# microshift felt



## easyridernyc (Jan 10, 2008)

anyone seen that 2011 black footprint f5 with the microshifters online?

saw it once, cant find the focker again...thx


----------



## Superdave3T (May 11, 2009)

easyridernyc said:


> anyone seen that 2011 black footprint f5 with the microshifters online?
> 
> saw it once, cant find the focker again...thx


Can't help you find that one. Here's my F1x with M.s:
View attachment 254327

-SD


----------



## easyridernyc (Jan 10, 2008)

on second thought i think it was the 

z, with 105
black with orange trim. looked wicked


----------



## easyridernyc (Jan 10, 2008)

SuperdaveFelt said:


> Can't help you find that one.

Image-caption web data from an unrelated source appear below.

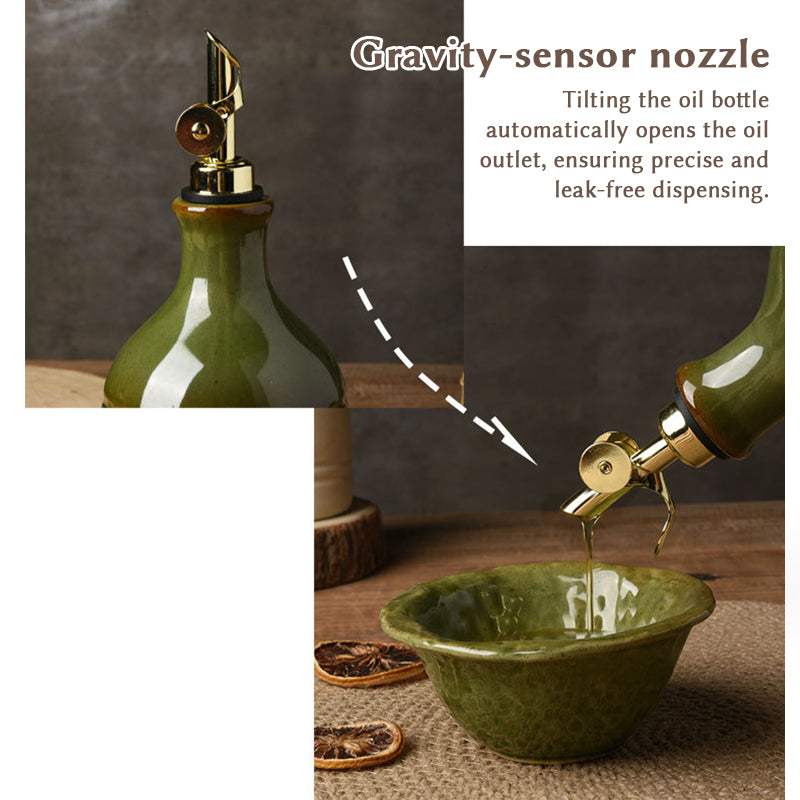 European Retro Green Ceramic Olive Oil Bottle with Stainless Steel Spout – Vintage Kitchen Storage & Seasoning Dispenser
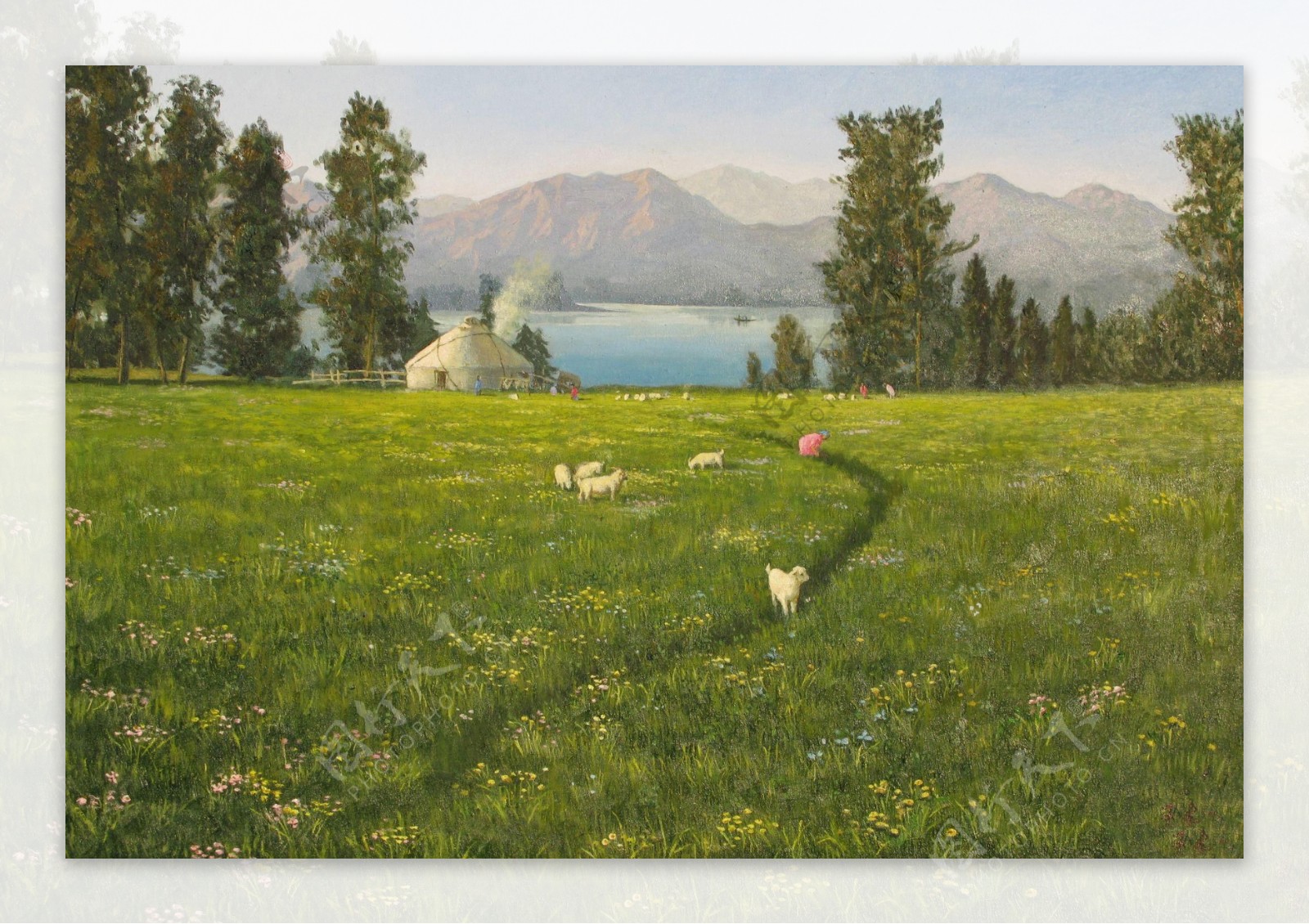 美丽草地上的小羊油画图片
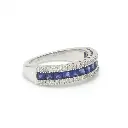 Blue Sapphire Princess Cut Diamond Half Eternity Ring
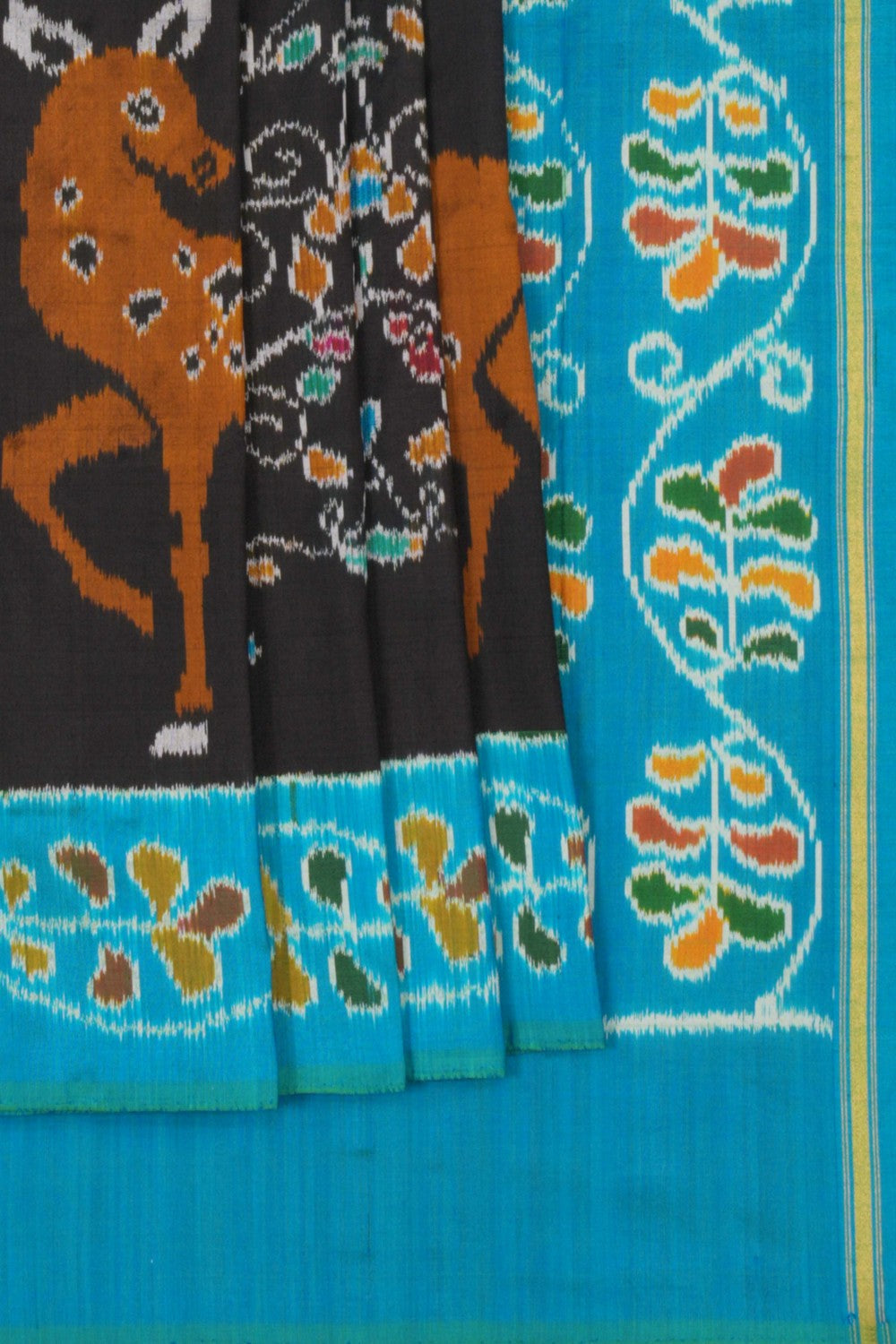 Image of Pochampally Ikat Silk Black Saree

Here's my F1x with M.s:
> View attachment 254327
> 
> -SD




how many bikes you got, man?

lol...

yeah i was thinking about that z and kinda got sidetracked by the microshifters, plus the only place i had seen it was online. the black and orange footprint, plus with that visible weave, looked kinda cool. then i saw one up close and i was like...dayumn. microshifters or not that's a nice looking bike, looked like it had a bit of pick up, too. was wondering if there were any more around in my size....but i cant find that link

i notice anectdotally though that the z build ups tend to seem a bit heavier than those on the f series. is that just the configurations on the respective series's lines, or are the base frames really "heavier" to begin with? good lookin


----------